Triple P – Positive Parenting Program® (Triple P) is a parenting and family support system designed to prevent and treat behavioral and emotional problems in children from birth through their teenage years. To meet the needs of different families and implementing agencies, the Triple P system includes interventions that increase in intensity across five levels of service. The system also includes a range of delivery methods (such as one-on-one consultations in the home or group seminars) and can be provided by staff from multiple disciplines (including paraprofessionals, counselors, and nurses). The intensity and length of services also vary by intervention. For example, Primary Care Triple P (Level 3) includes approximately four weekly individual consultations of 15 to 30 minutes each, and Enhanced Triple P (Level 5) includes approximately eight weekly individualized sessions, each lasting 60 to 90 minutes.

The HomVEE review is based on studies of programs that provided Triple P services in the home to families with children from birth through age 5 (Triple P–Variants suitable for home visiting).

This report also includes reviews of one module (Child Management Training) of a Level 4 Triple P intervention and a version of an adaptation of Triple P (Standard Stepping Stones Triple P) for children with a disability; both of which are suitable for delivery in the home.
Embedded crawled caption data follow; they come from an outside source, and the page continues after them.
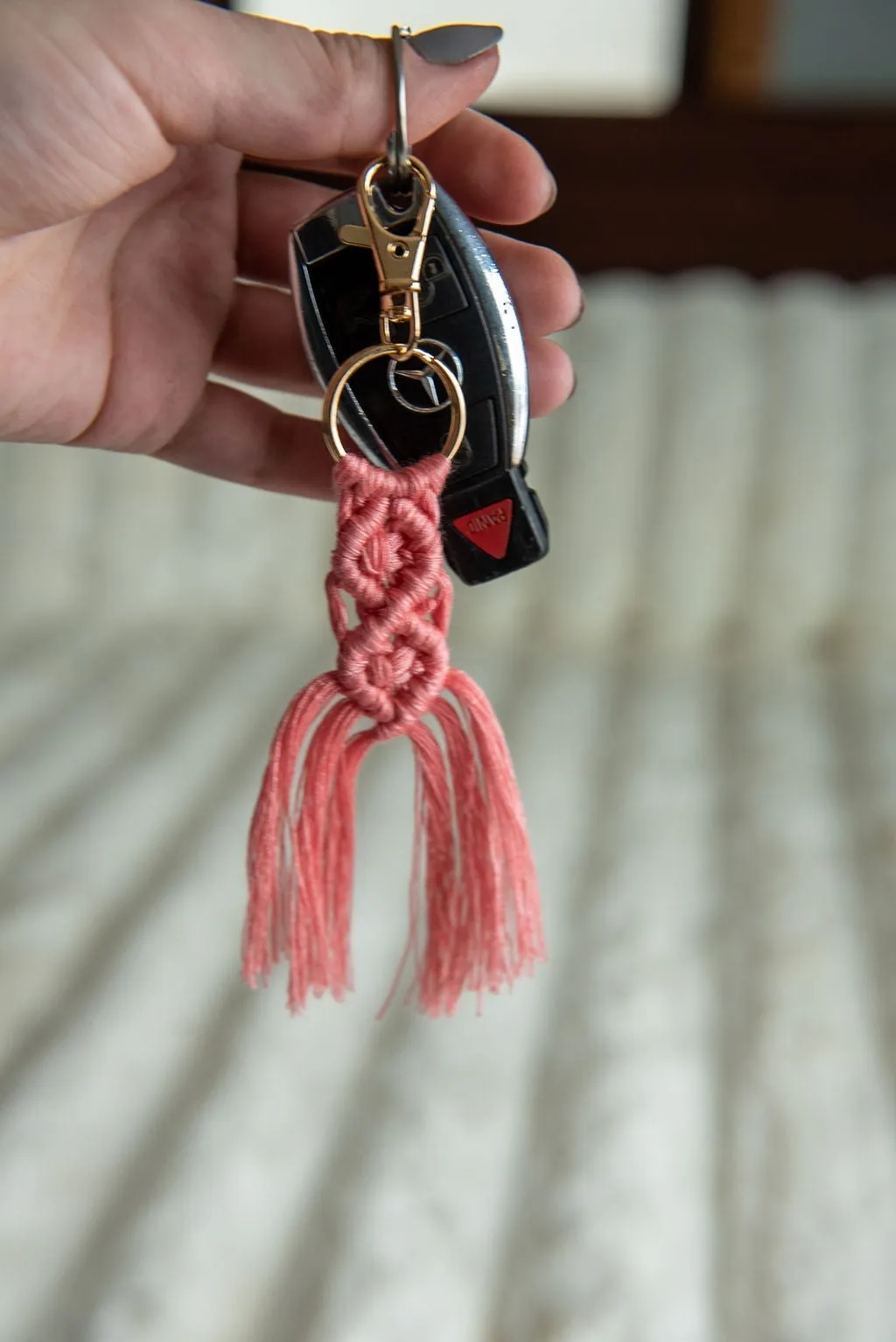 Boho Macramé Keychain in Pink
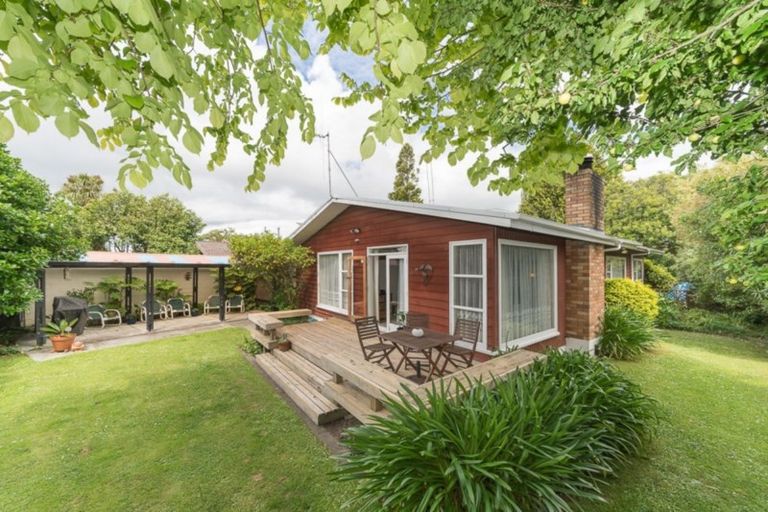 Photo of property in 1 College Street, Awapuni, Palmerston North, 4412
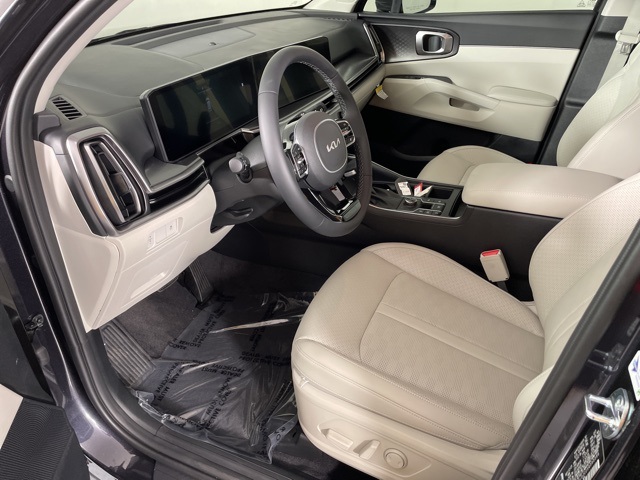 2025 Kia Sorento S photo 17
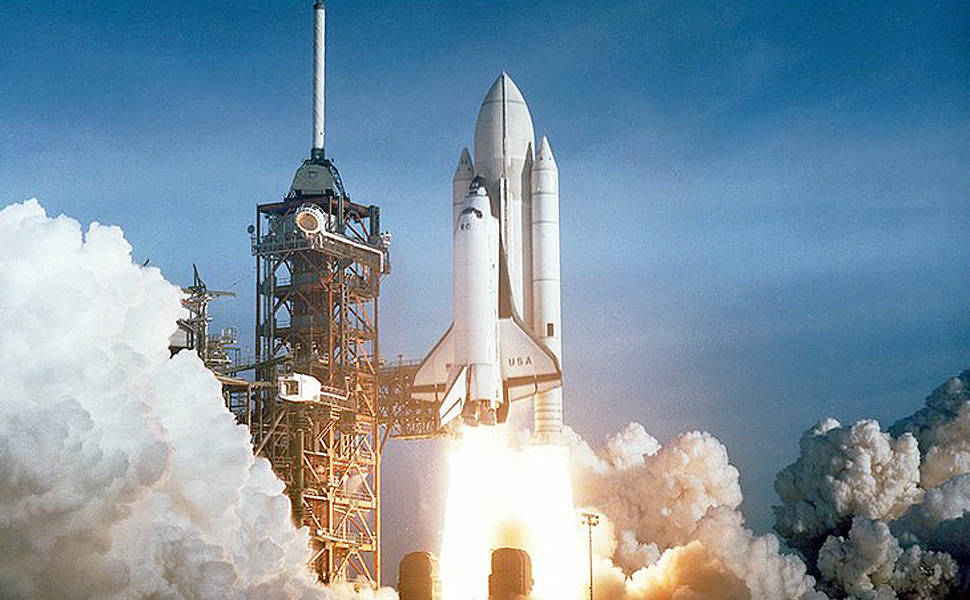 Ônibus espacial decola pela última vez encerrando programa de 30 anos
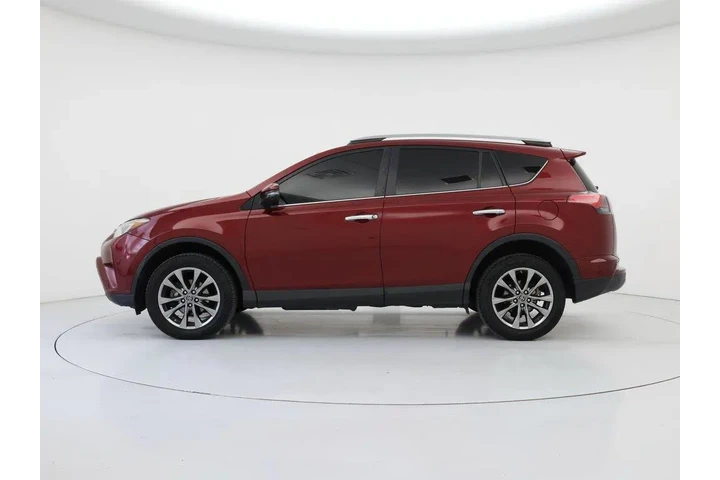 $26998 : Toyota RAV4 2018 AWD Limited image 3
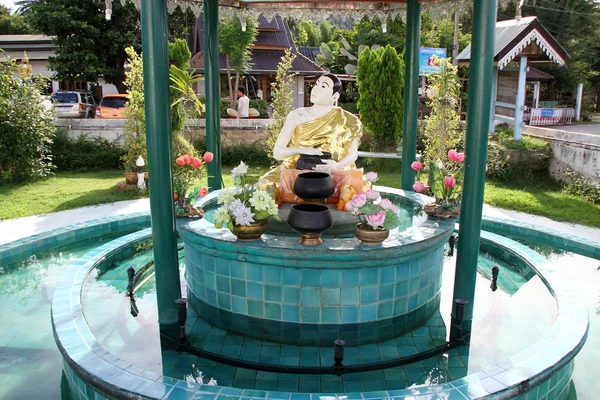Fontana con monaco — Foto Stock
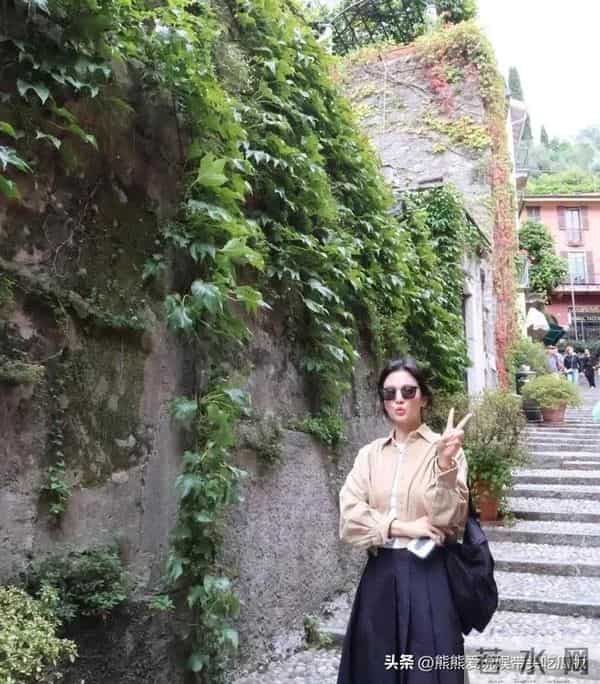 43岁宋慧乔科技美后大回春！穿卡其色外套+半身裙 嫩得像个小姑娘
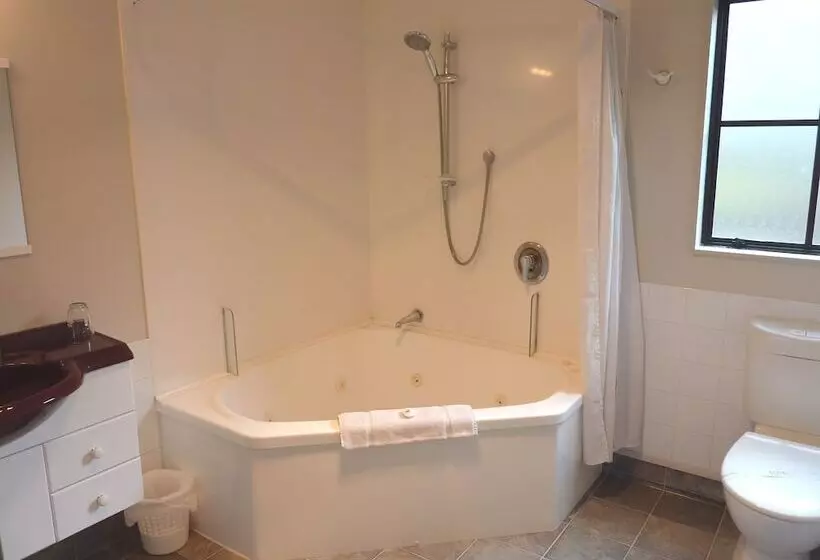 Отель Bk's Pohutukawa Lodge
During the Child Management Training module, practitioners meet with parents in the home and explain how parents can help teach their children new behaviors using strategies such as descriptive praise and contingent consequences. The practitioner provides verbal and written instruction and models behavior in an effort to teach parents steps intended to modify their child’s behavior. Then, the practitioner observes parent–child interactions and provides verbal feedback and written enrichment materials. (As Triple P was being developed, this module was originally called Instructions + Feedback.) Standard Stepping Stones is an adaptation of Triple P intended specifically for parents of children with disabilities. It provides assessment of parenting strategies and then instruction and support that aim to promote child competencies in social and language skills, emotional skills, independence, and problem solving.

For more information about Triple P–Variants suitable for home visiting, please read the Model Overview.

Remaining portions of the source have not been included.